Dozens of people testified both in person and online at Wednesday's House subcommittee hearing. The bill passed the Senate last month after years of setbacks.
South Carolina lawmakers have been holding public hearings for years on the “ South Carolina Fetal Heartbeat and Protection from Abortion Act. ”
It would require doctors to use an ultrasound to try to detect a fetal heartbeat if they think pregnant women are at least eight weeks along. If they find a heartbeat, and the pregnancy is not the result of rape or incest, they can’t perform the abortion unless the mother’s life is in danger. That can be as soon as six weeks after conception and before many women know they are pregnant.
Wednesday's meeting had familiar testimony — limited to three minutes per speaker — from all of those hearings.
There were pastors saying every life matters. There were women's rights groups saying the bill takes away control of women's bodies.
There were doctors. There were women who had abortions and regretted the decision and those who had them and asked lawmakers not to take away that choice from other women.
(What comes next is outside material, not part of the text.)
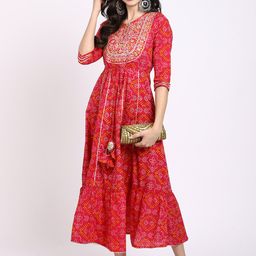 Rajnandini Pink & Red Bandhani Printed Thread Work Pure Cotton Thread Work Anarkali Kurti image 4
There were women with heartbreaking stories of choosing to end pregnancies when told the fetus couldn't survive outside the womb and adults who told tales of mothers who didn't want them but decided to take their pregnancies to term instead of having an abortion.
At the end of Wednesday's meeting, the subcommittee was expected to send the bill to the full Judiciary Committee, likely next week. That committee is expected to approve the bill and send it to the House floor. The full House passed the bill 70-31 last session.
Gov. Henry McMaster has promised to sign it immediately as South Carolina would join about a dozen other states that have passed similar or more strict abortion bans. All of them are awaiting court rulings with conservatives hoping one of them will lead the U.S. Supreme Court to overturn its 1973 ruling that keeps states from excessive restrictions on abortions.
Abortion opponents have pushed the South Carolina bill in some form for more than a decade. It would pass the House easily, then fail each time after hitting a procedural hurdle in the Senate. But Republicans gained three senators in November and the Senate finally passed the bill in January.
Some conservatives aren't happy the bill included the rape and incest exceptions and it has passed the House before without that change. At least two Republicans senators said they couldn't support it without those exceptions.
If the House removes the exceptions or makes any other changes, the Senate would have to pass the bill again. Holly Gatling who leads South Carolina Citizens for Life which wants to outlaw all abortions, asked lawmakers at least three times to pass the bill without changes,
Lacey Layne appeared testified again Wednesday, telling the story how an ultrasound found the boy she and her husband decided to name Evan has his brain growing outside the skull. She said made the heartbreaking decision to have an abortion just before the 20-week deadline under current state law.
She has told the story several times and only strayed from her written testimony at the end of her three minutes.
“I shouldn’t have to keep sharing my personal experience with strangers in hopes you will finally care," Layne said.
A few minutes later pastor Randy Goff came before lawmakers, telling a story he has told many times in Columbia of how his wife was pregnant with twins named Isaac and Abigail. He spoke of the joy and delight he felt when he heard their heartbeats and would talk to his wife's belly.
Isaac died in the womb after a doctor suggested they wait a day to check on a possible problem with the pregnancy, Goff said.
“We need to do everything we can to protect an unborn child," Goff said.